[Dataset items]
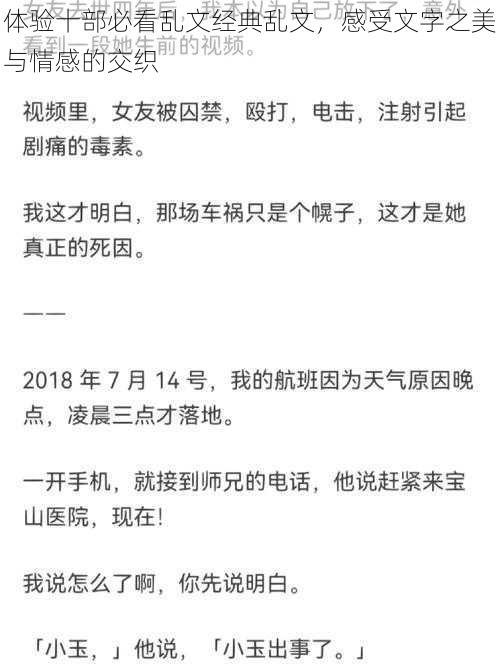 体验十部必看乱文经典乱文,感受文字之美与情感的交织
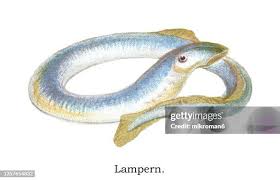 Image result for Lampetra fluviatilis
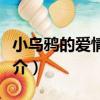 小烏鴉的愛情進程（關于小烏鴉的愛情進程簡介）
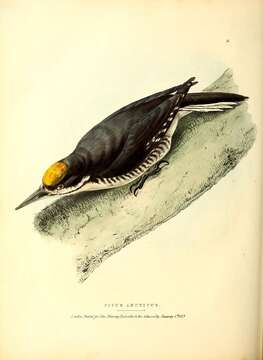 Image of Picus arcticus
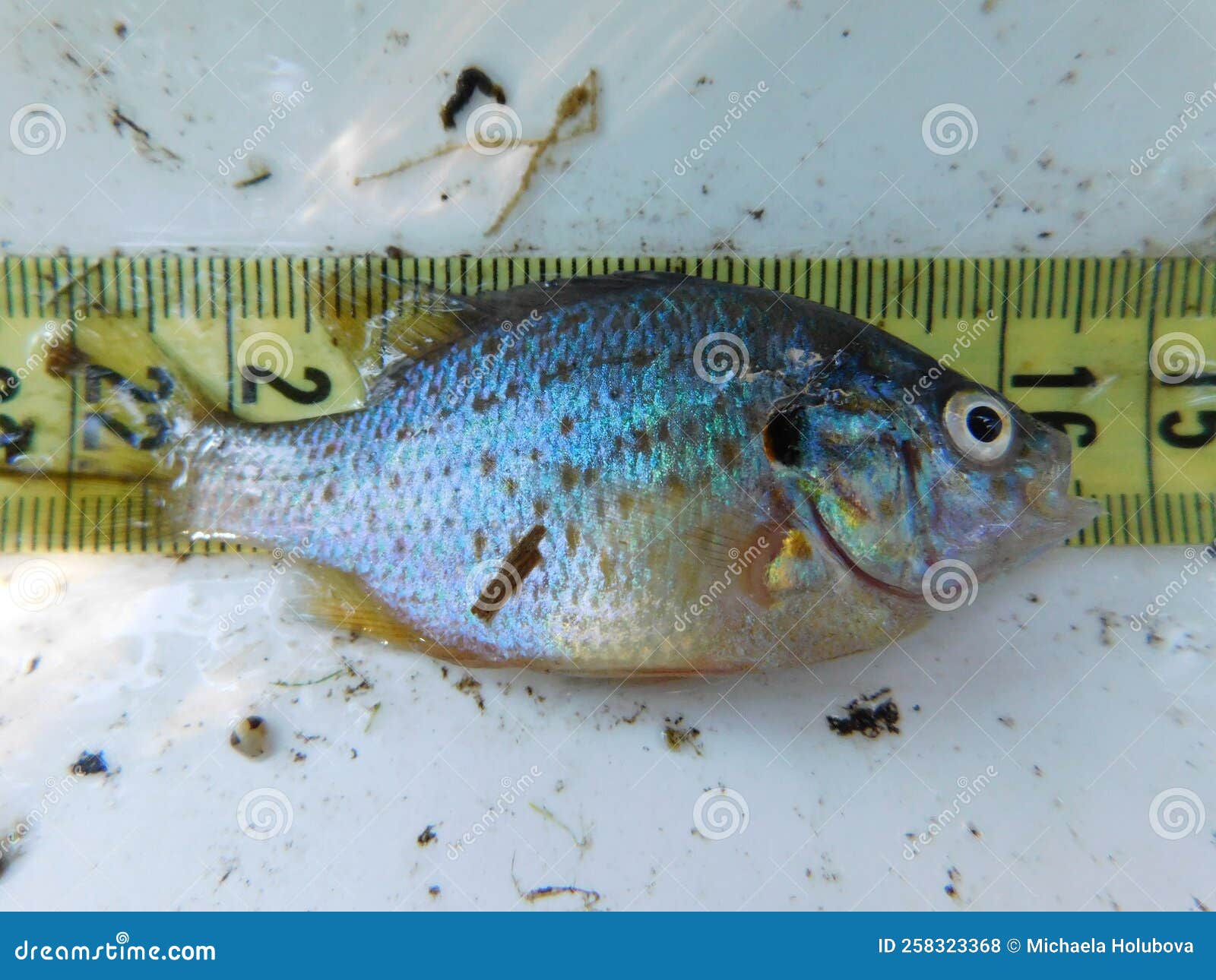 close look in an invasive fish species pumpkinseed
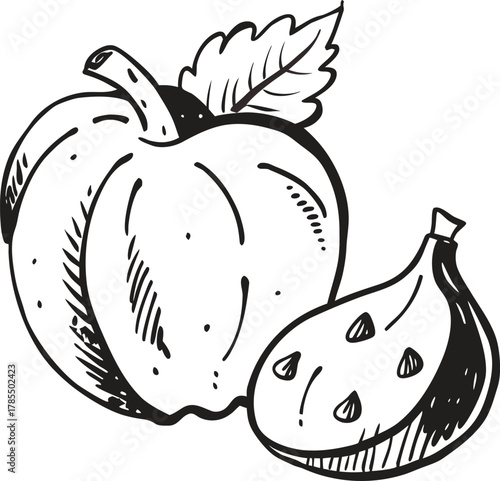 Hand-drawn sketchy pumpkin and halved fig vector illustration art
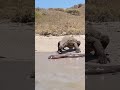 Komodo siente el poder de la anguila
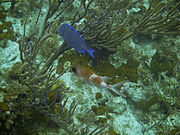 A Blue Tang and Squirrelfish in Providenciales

▸ Try it: Working from the line with "Hand-drawn sketchy pumpkin" down through the last line of the records, give every line again exactly, but no pictures.

▸ Result of this exercise:
 Hand-drawn sketchy pumpkin and halved fig vector illustration art
 Komodo siente el poder de la anguila
 A Blue Tang and Squirrelfish in Providenciales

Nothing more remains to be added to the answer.